On Sunday, March 23, 2008, Lincoln got a text message from Charlie Medlicott, the Coast Guard’s fishing vessel examiner in Dutch Harbor. “
Alaska Ranger
sank. Forty-seven people on board,” it read.

Lincoln called him. It wasn’t just about his job, and the devastating fact that one of the ACSA boats sank just as the program they’d pushed so hard for was getting off the ground. Charlie knew the guys on that boat.

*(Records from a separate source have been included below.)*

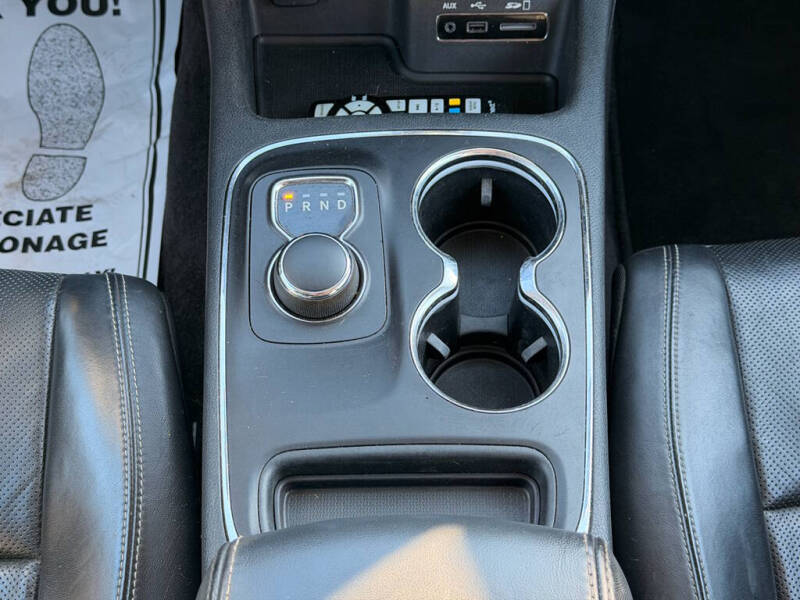 2017 Dodge Durango Citadel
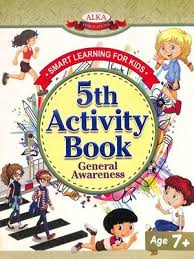 Smart Learning for kids 5th Activity book General Awareness - Alka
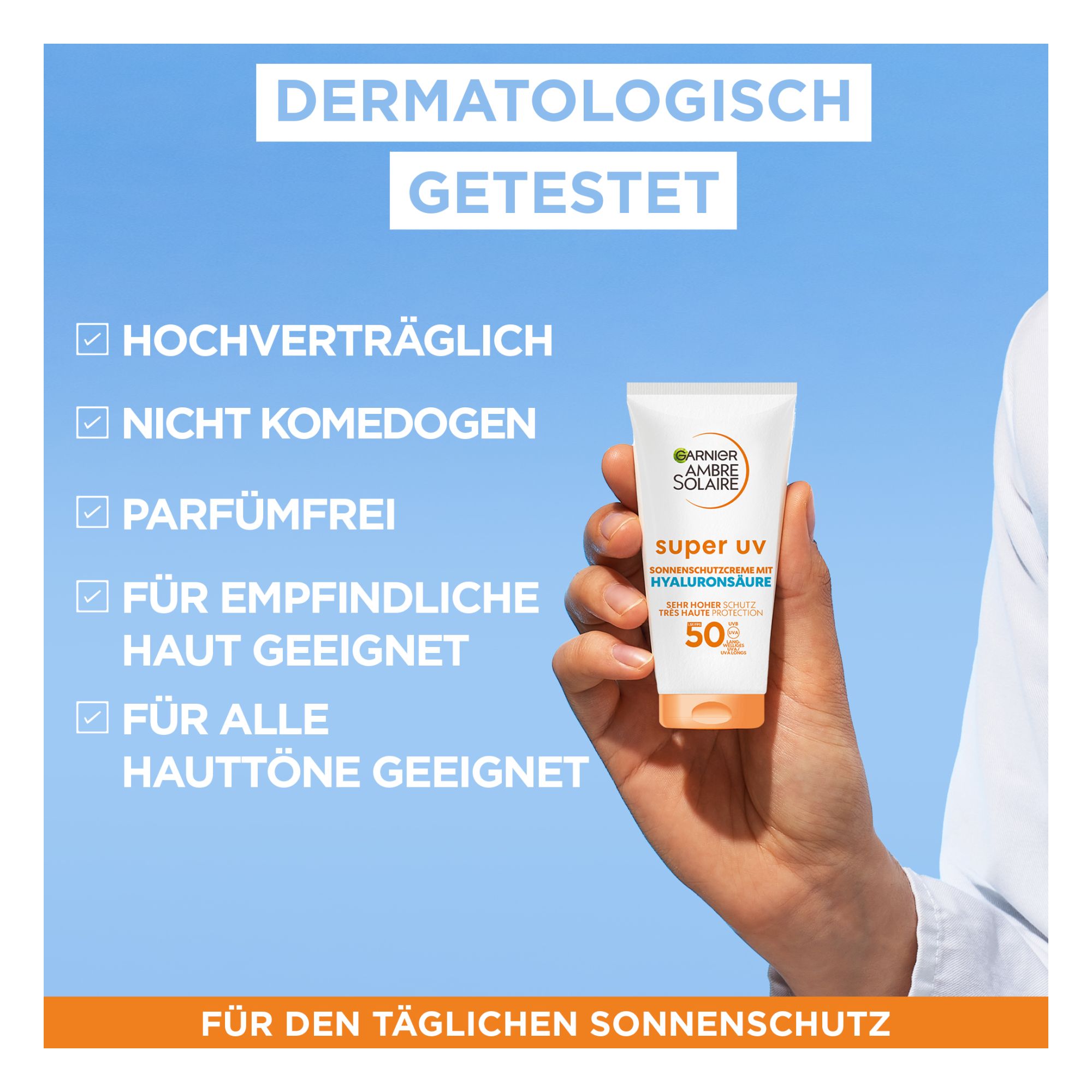 Ambre Solaire - Anti-Age Super UV Sun Protection Face Cream SPF 50 Ambre Solaire - Anti-Age Super UV Sun Protection Face Cream SPF 50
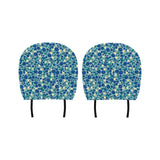 blueberry design pattern Car Headrest Cover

On Monday morning, Lincoln was on a plane to Dutch. She’d guessed that the
Alaska Ranger
sinking would warrant a Marine Board, and she’d read enough Coast Guard accident reports to know the board would focus on a wide array of topics. She wanted to be sure that data on training and survival equipment were well captured. It would be valuable for evaluating the changes that had been implemented as a result of ACSA. Lincoln knew that it was essential to gather the information immediately, while the survivors’ memories were fresh and before they left town. Together with the NTSB investigators, Lincoln interviewed each of the fishermen before the formal questioning began. “What’s your first language?” she asked each of the survivors. “Tell me about your immersion suit.” “Did you have a strobe light?”